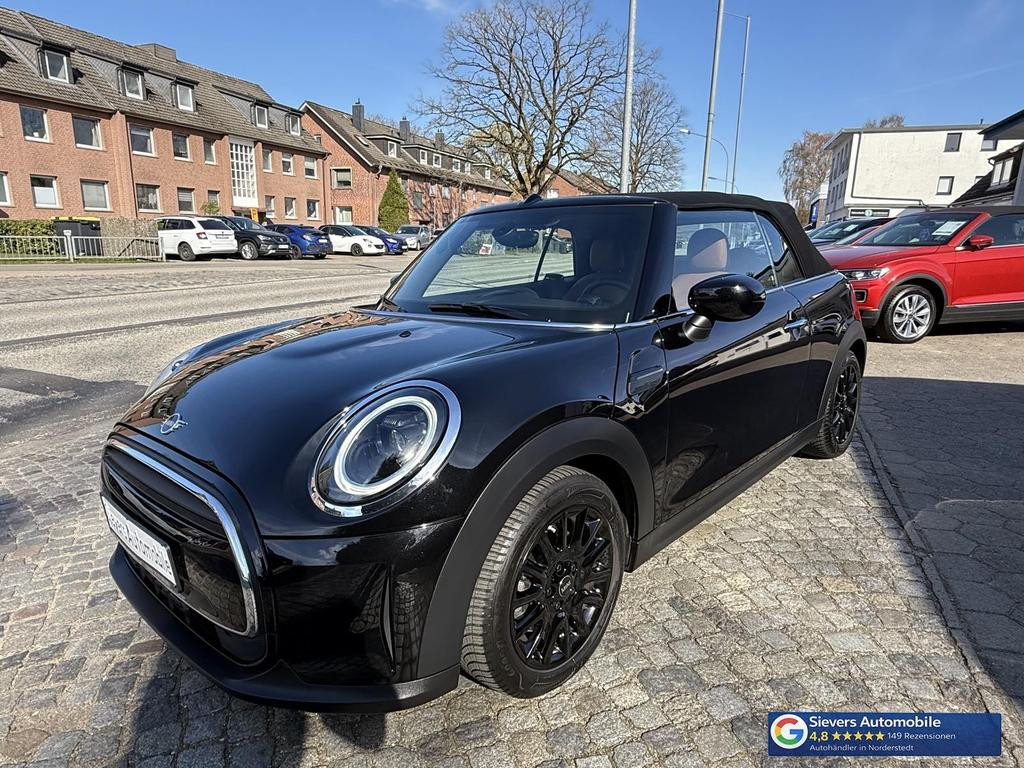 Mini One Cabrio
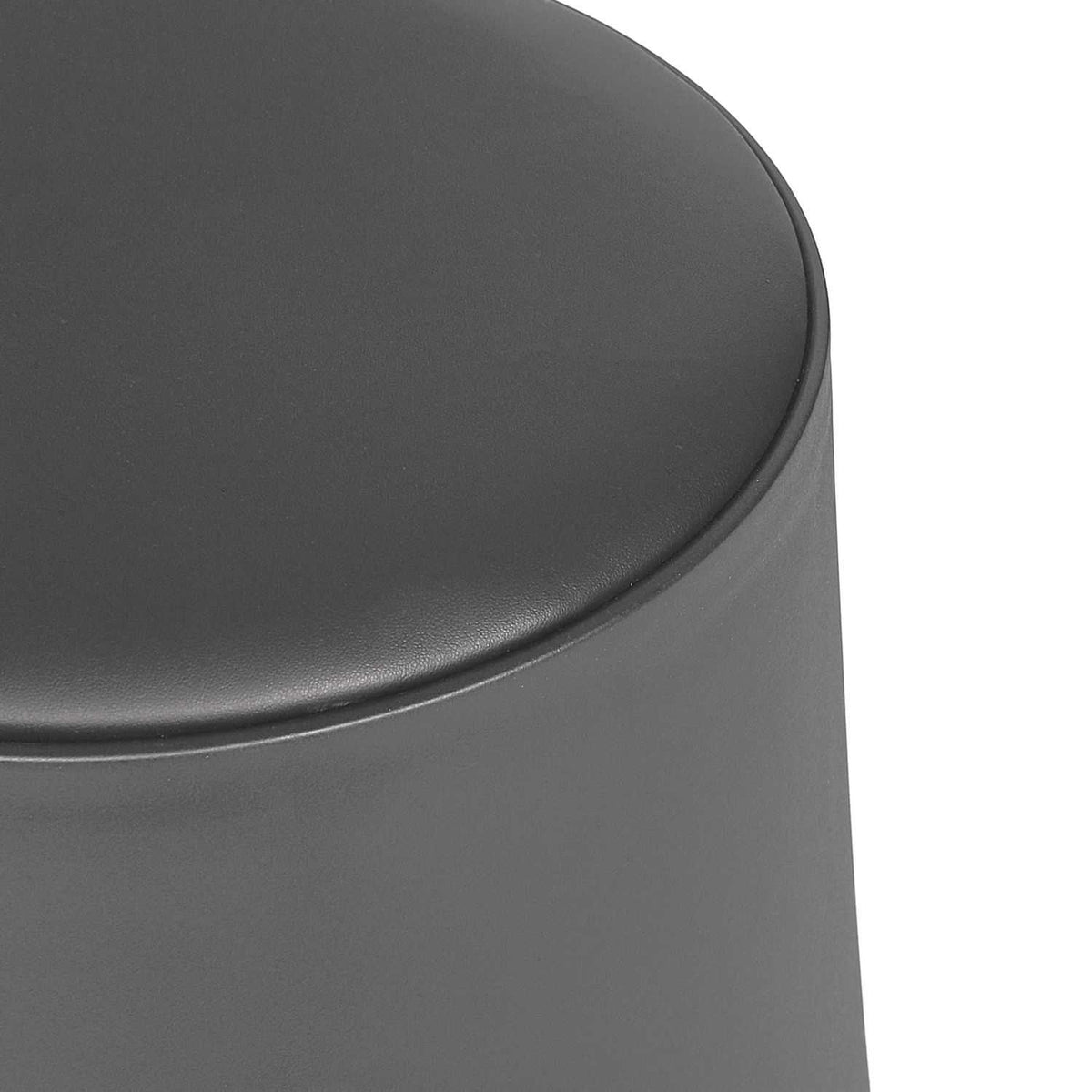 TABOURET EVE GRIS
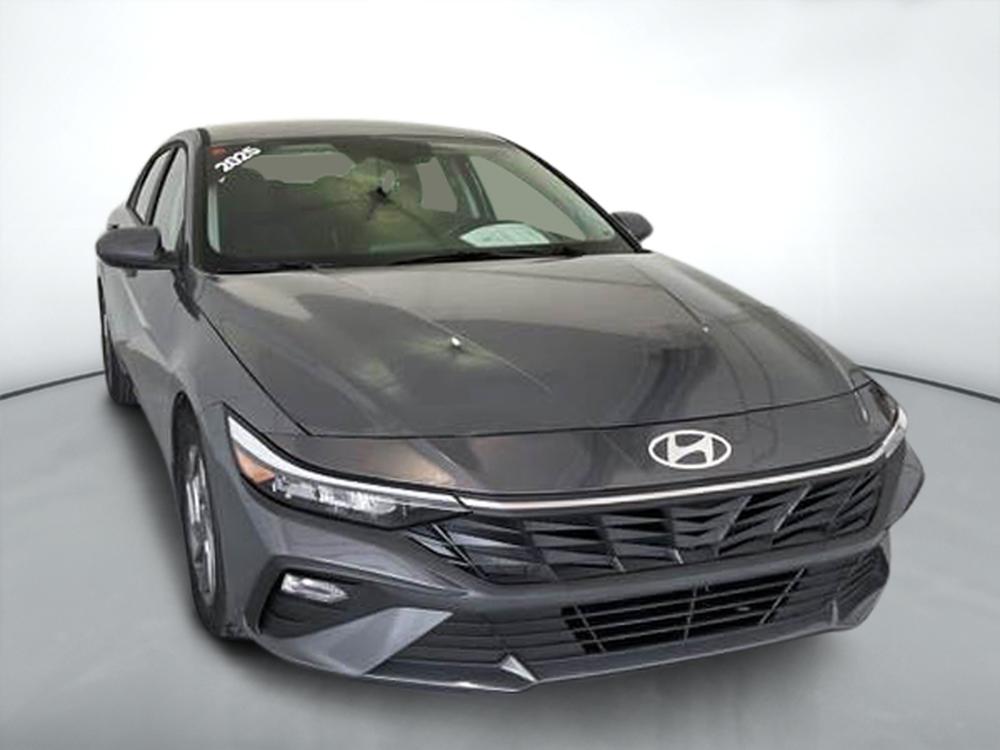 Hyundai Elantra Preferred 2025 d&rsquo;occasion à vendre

○ ○ ○

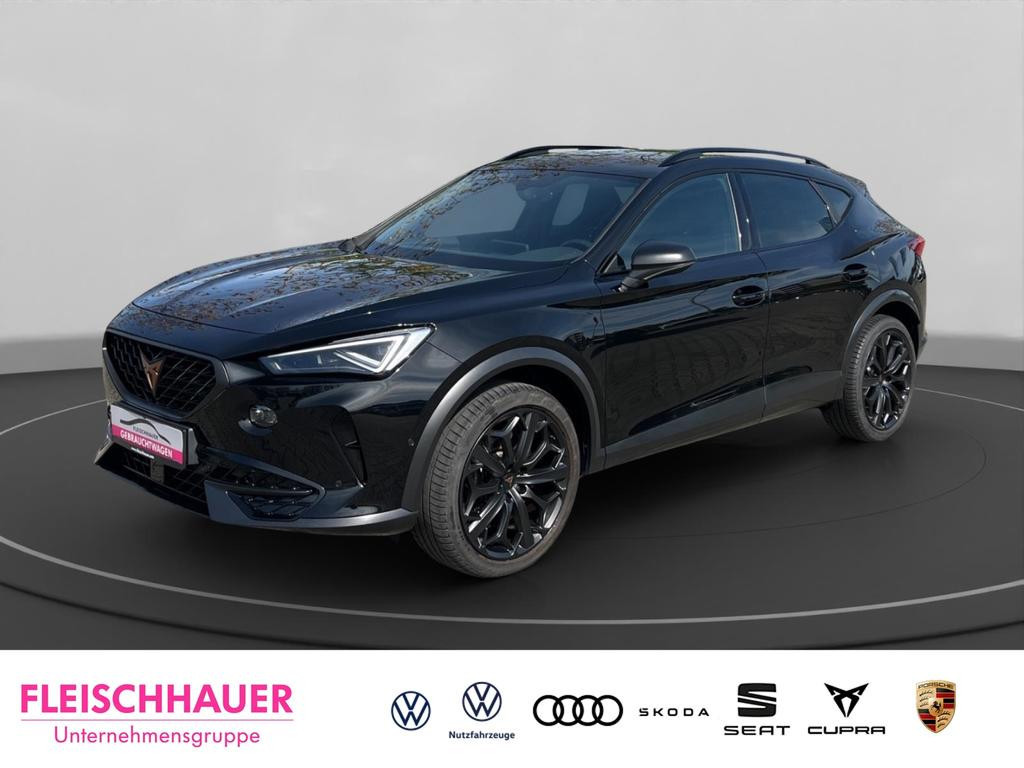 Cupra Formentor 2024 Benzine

○ ○ ○

What is required: From the listing above, repeat only the lines between the line containing "TABOURET EVE GRIS" and the line containing "Hyundai Elantra Preferred", those two included. Pictures are not part of the copy.

Result of the exercise:
 TABOURET EVE GRIS
 Hyundai Elantra Preferred 2025 d&rsquo;occasion à vendre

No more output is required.